A tool for finding suspicious Twitter accounts that are connected to yours
Netback is written in Go, so follow these instructions to make sure Go is installed on your machine. Then just run the following command:
go get github.com/mbellotti/netback
go install github.com/mbellotti/netback
You can also download it from source and execute the program directly from its directory if you prefer. Commands in that case would be go run main.go [command] -flags
instead of netback [command] -flags
Netback needs Twitter API access through your account. The program does not need anything more than read permission on public Twitter data. You'll need a developer account on Twitter. Create a new app and copy the API key, API Secret, access token and token secret. Then run netback config
and enter in that information.
The bot profile is the criteria Netback uses to determine whether an account looks suspicious or not. You can configure the profile to check for low activity accounts that might be fake followers or high activity accounts or some custom combination of features from both. Netback will ask you to set a weight for each criteria, assigning a weight of 0 effectively turns that criteria off.
The current possible criteria to use include:
- Posts per Day: calculated as total posts over days the account has existed.
- Number of Followers: with direction, meaning you can tell netback that anything over 100,000 followers (+100000) is suspicious or anything under 5 followers (-5) is suspicious.
- Percentage of Unoriginal Posts: Retweets without any original commentary.
- Profile Pic: Do they have one?
- Low Posts: Are their total number of posts too low?
Netback includes two flags --low-activity
and --high-activity
that act like short cuts, zeroing out criteria not relevant and only prompting for a subsection.
At the end of the profile wizard, Netback will prompt you to set a score. This determines the number of points an account needs to be labeled suspicious. For example if your profile gives percentage of unoriginal posts a weight of 3 and Number of Followers a weight of 2 then a logical bot score would be 5. With more criteria, setting up a bot score lower than the maximum value of all weights allows for some flexibility in how accounts are assessed.
After building a profile and setting a score it's a good idea to test Netback's analysis against an account that you know to be legitimate-- your own. Run netback self
will compare your own account against the profile you've built and provide feedback.
Twitter API only allows for a certain number of requests in a 15 minute period. When the rate limit is hit, Netback will alert the user, save it's current cursor position and sleep for fifteen minutes. Because the cursor position is saved, you can terminate the program while it's sleeping and restart it later on.

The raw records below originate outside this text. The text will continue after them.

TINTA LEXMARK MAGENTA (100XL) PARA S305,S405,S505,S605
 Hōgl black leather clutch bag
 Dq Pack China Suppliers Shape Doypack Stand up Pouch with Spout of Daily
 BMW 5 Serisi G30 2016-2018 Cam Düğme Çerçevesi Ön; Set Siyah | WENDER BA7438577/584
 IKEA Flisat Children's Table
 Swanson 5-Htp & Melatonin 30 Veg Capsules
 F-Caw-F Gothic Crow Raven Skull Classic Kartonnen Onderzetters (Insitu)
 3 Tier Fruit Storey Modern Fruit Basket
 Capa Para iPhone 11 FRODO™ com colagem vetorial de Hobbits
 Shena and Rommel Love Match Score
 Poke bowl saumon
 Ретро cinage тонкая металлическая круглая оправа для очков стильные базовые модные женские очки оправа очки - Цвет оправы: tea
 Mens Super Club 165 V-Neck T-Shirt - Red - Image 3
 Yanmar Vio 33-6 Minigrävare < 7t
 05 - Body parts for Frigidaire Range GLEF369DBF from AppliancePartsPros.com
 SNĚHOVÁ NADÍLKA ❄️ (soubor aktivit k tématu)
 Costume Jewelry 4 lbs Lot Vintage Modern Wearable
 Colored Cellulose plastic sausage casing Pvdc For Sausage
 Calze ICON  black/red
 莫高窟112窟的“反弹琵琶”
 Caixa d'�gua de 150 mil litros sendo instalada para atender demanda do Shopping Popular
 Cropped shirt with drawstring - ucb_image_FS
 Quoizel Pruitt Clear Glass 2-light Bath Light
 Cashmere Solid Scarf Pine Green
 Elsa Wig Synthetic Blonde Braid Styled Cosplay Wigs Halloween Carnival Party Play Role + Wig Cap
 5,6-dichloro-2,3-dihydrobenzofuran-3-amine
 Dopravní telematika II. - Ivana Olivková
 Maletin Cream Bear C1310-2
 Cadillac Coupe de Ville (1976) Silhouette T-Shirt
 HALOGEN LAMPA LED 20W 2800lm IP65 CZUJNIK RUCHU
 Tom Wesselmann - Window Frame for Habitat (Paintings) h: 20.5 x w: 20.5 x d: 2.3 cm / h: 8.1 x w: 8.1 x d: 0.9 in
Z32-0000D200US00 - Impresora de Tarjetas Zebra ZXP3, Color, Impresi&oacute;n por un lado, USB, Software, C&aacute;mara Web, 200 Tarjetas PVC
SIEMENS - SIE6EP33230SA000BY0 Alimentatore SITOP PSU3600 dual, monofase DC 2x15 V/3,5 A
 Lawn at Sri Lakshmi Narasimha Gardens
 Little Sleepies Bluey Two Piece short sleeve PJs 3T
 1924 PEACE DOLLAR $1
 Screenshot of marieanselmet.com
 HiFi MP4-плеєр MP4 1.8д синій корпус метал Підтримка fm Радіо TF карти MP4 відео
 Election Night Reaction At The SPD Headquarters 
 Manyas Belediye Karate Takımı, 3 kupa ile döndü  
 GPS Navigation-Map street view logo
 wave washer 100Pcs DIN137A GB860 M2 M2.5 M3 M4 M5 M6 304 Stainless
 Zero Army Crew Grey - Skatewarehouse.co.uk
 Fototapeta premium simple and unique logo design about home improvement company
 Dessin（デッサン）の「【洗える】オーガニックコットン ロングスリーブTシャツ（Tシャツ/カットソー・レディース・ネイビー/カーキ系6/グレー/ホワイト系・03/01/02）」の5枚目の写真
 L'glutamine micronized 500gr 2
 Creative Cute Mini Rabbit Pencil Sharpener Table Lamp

Twitter defines followers as people who follow you, and friends as people you follow. Netback will search for suspicious account in either list.
netback self
netback friends
and netback followers
can all be run in verbose mode which will output the observed values for every criteria with the allowed values set in the profile. Occassionally Netback will return a blank user. Typically this means the account has been suspended. It is still listed as a friend/follower but is otherwise inaccessible.